··· Data

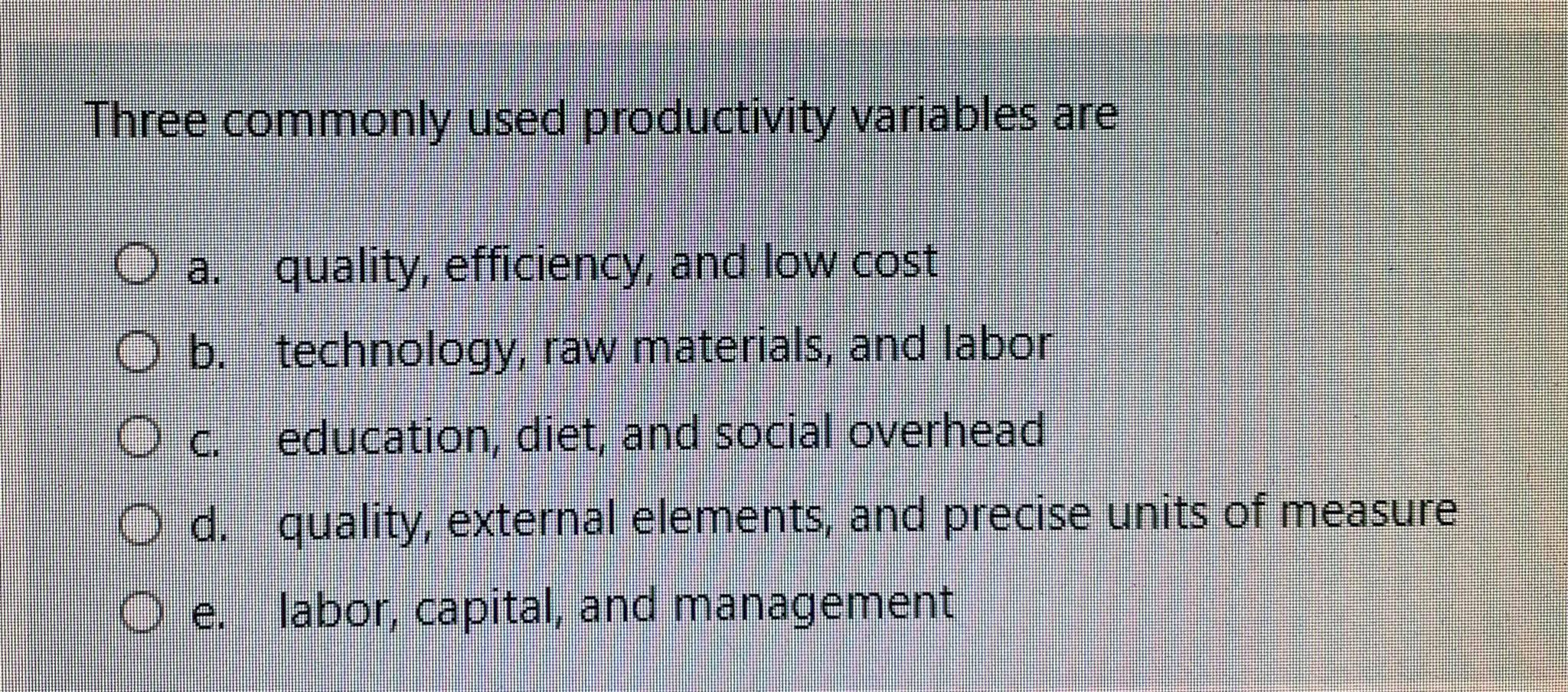 Three commonly used productivity variables are O a. quality, efficiency, and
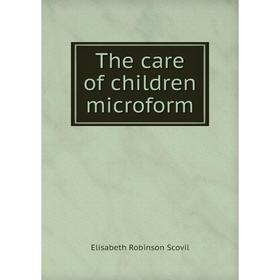 

Книга The care of children microform. Elisabeth Robinson Scovil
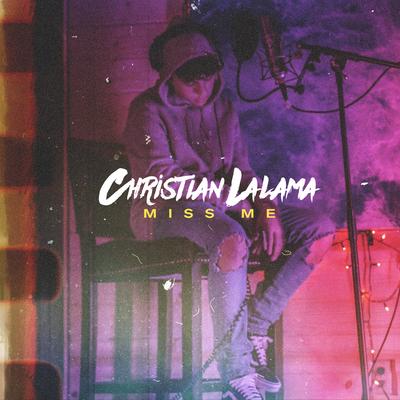 Miss Me By Christian Lalama's cover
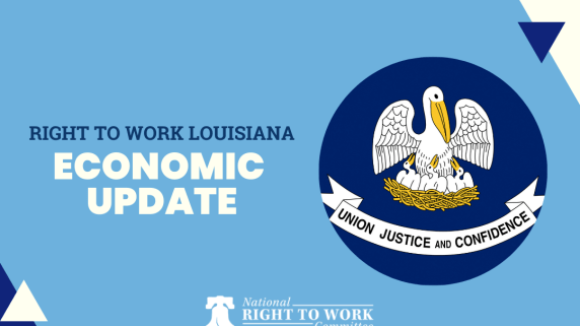 Here's the Latest on Right to Work Louisiana's Economy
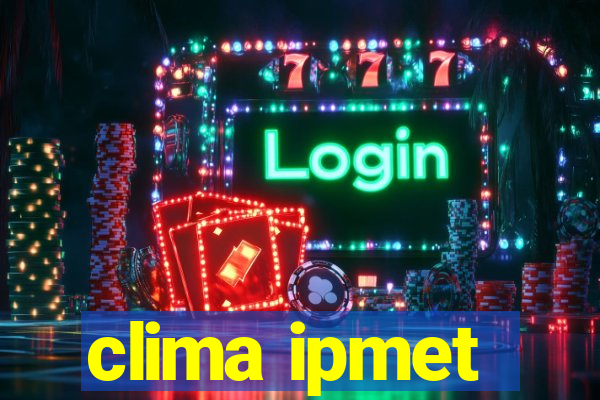clima ipmet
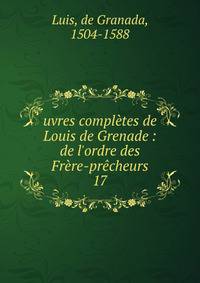 uvres compl?tes de Louis de Grenade : de l'ordre des Fr?re-pr?cheurs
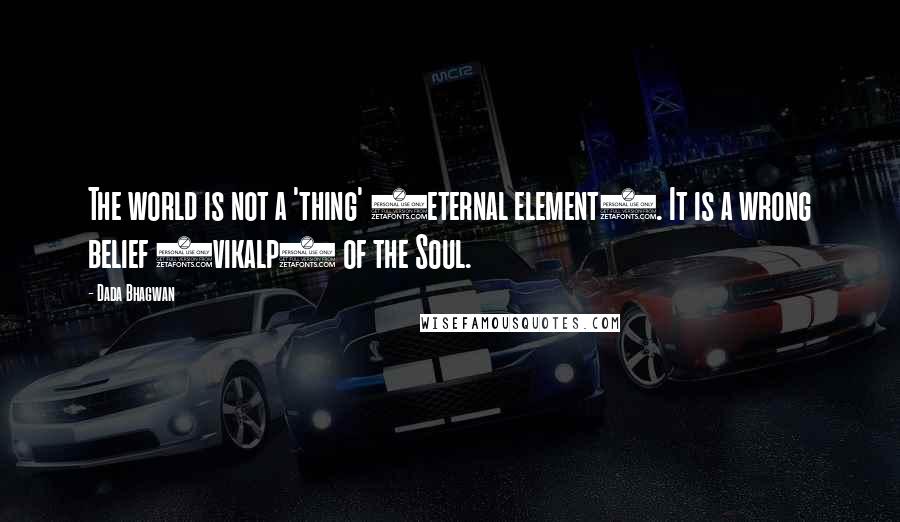 Dada Bhagwan Quotes: The world is not a 'thing' (eternal element). It is a wrong belief (vikalp) of the Soul.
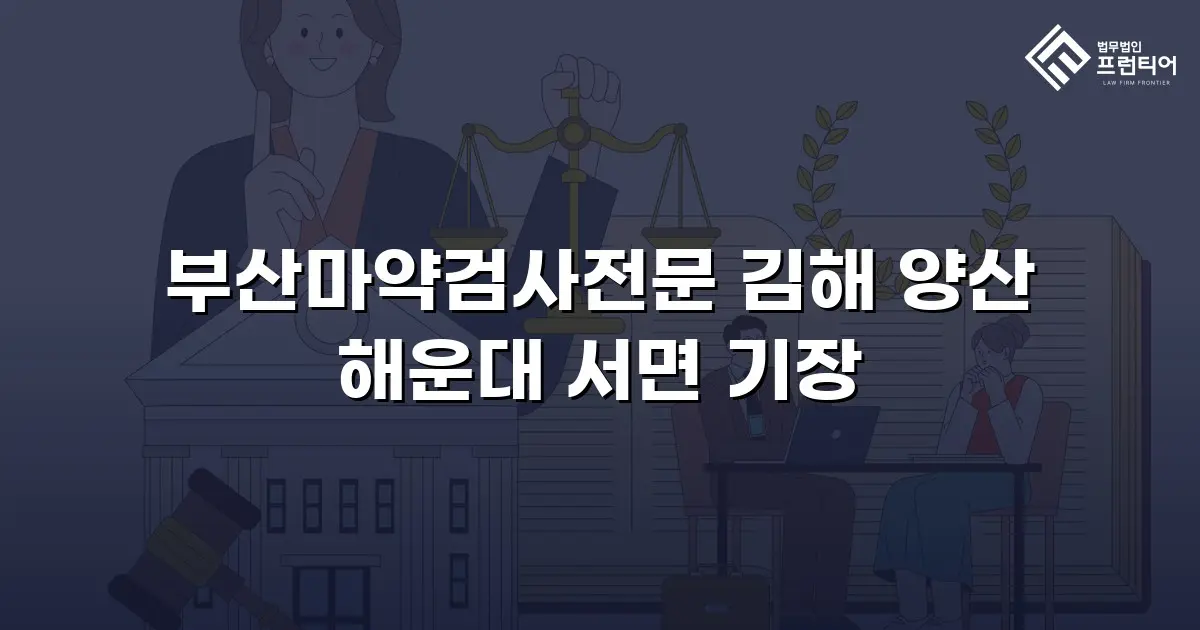 부산마약검사전문 김해 양산 해운대 서면 기장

······

# Problem to work on:
Without the pictures, return all the entries above exactly as they stand.

# Response:
 Three commonly used productivity variables are O a. quality, efficiency, and

Книга The care of children microform. Elisabeth Robinson Scovil
 Miss Me By Christian Lalama's cover
 Here's the Latest on Right to Work Louisiana's Economy
clima ipmet
 uvres compl?tes de Louis de Grenade : de l'ordre des Fr?re-pr?cheurs
 Dada Bhagwan Quotes: The world is not a 'thing' (eternal element). It is a wrong belief (vikalp) of the Soul.
 부산마약검사전문 김해 양산 해운대 서면 기장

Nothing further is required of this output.